En sanscrito la llaman Chandra, en China se la denomina Yue, pero todos la conocemos como Artemisa o Selena. Me refiero a la luna. La luna vieja, la luna de la nieve, la luna del cuervo, la luna de la hierba que brota, la luna de leche, la luna de la rosa, del trueno, del grano, de las frutas, de la cosecha, pero también de la escarcha o de la noche más larga. Este satélite natural nos observa a todos y tiene el suficiente poder para perturbar nuestras percepciones. Mientras revoluciona sinódica, sideral, trópica, anomalística y draconiticamente, algunos de nosotros -los que tenemos razones suficientes para amarla y temerla al mismo tiempo- aullamos cuando nuestro planeta se encuentra situado exactamente entre el sol y ella.
En estos momentos lánguidos de mi vida en que puedo vislumbrar mi futuro claramente agotado y en los que la única alternativa posible es la desaparición anticipada, la luna ya no representa vida, sino insomnio y demencia, sobre todo en fase de plenilunio. Y es en este periodo cuando pienso más a fondo en la muerte. Y mientras más medito sobre ella, más a gusto me siento. Porque estoy mucho más cerca del fin de lo que he estado en toda mi vida.

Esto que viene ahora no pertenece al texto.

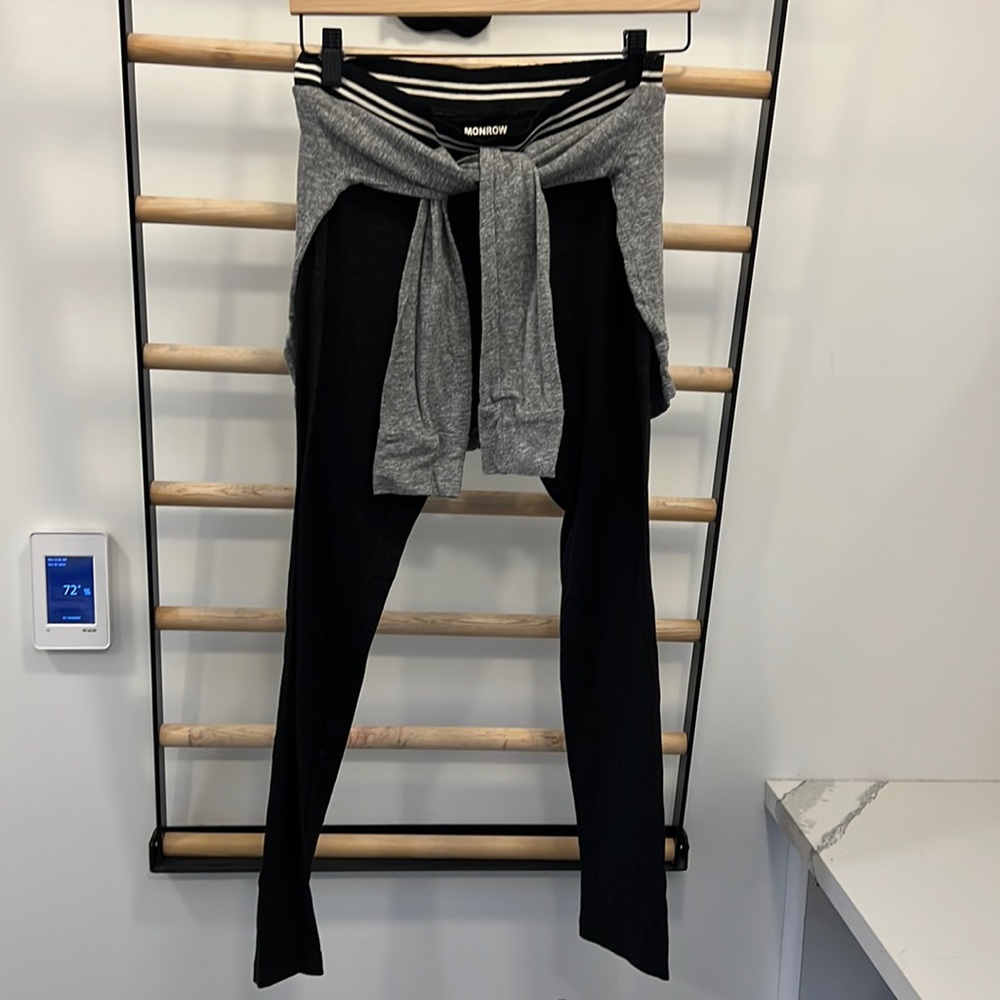 Monrow lounge pants size medium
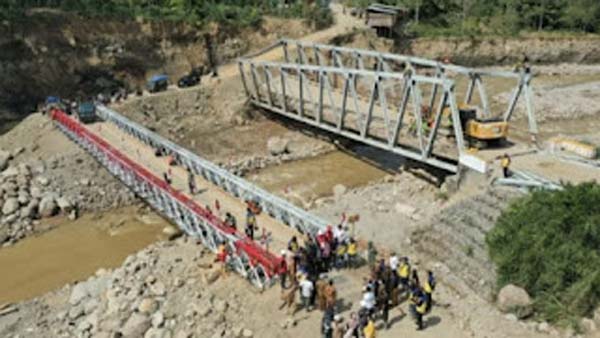 Jembatan Bailey dibangun untuk pengganti sementara jembatan utama yang rusak parah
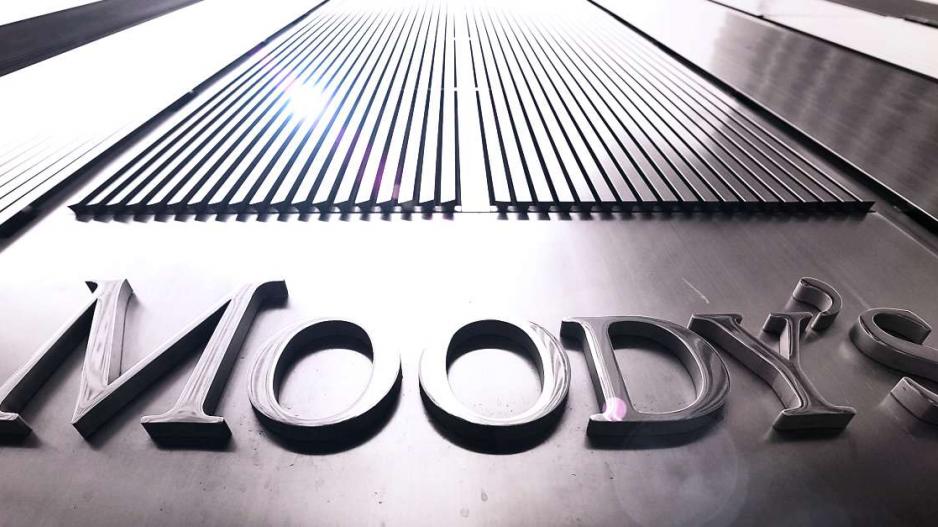 Ο Moody’s στην ανακοίνωσή του για τον κλάδο της λιανικής επισημαίνει ότι ο online ανταγωνισμός πλήττει τις πωλήσεις και συρρικνώνει τα περιθώρια κέρδους.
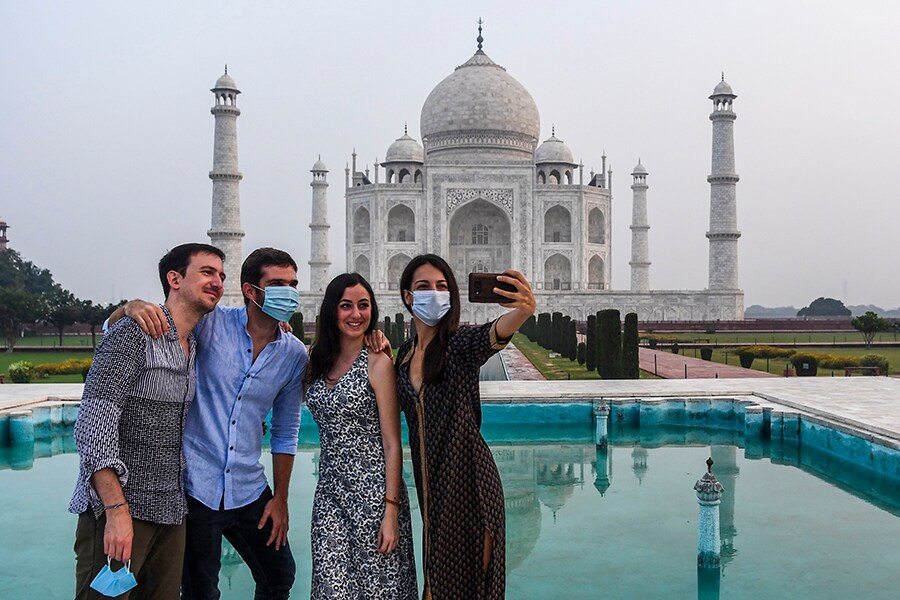 India to re-open for tourists from October 15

Con esto no quiero decir que tenga ganas de morir, aunque no me importaría demasiado si el desenlace fuera indoloro o sirviera para algo. No creo en la metempsicosis, por lo tanto me complace saber que no volveré a pasar por una angustia semejante, aunque sea con otra forma material. Sé lo que significa estar muerto, pero todavía no he comprendido para qué sirve vivir.
Y mientras los días se suceden como una losa en el calendario, las noches se tornan más rojas e incandescentes. Me encanta contemplar la lenta danza de los espectros que se parapetan en el interior del nosocomio en que se ha transformado mi cerebro. Mientras ellos bailan, yo diseño una estrategia que me ayude a superar el desencanto en que he convertido este capítulo de mi vida. Y mientras todos estos actos siguen el orden natural con que fueron malignamente diseñados, no puedo dejar de sentirme minúsculo y desaprovechado.
La Diosa triple, virgen, madre y bruja, ya no volverá a inventarse respuestas gélidas, ahogadas y silenciosas. Y mientras su risa enloquecida estremezca cada esquirla de mi médula reventada, reclamaré el placer de la carencia o el vacío como el camino más corto hacia cualquier parte.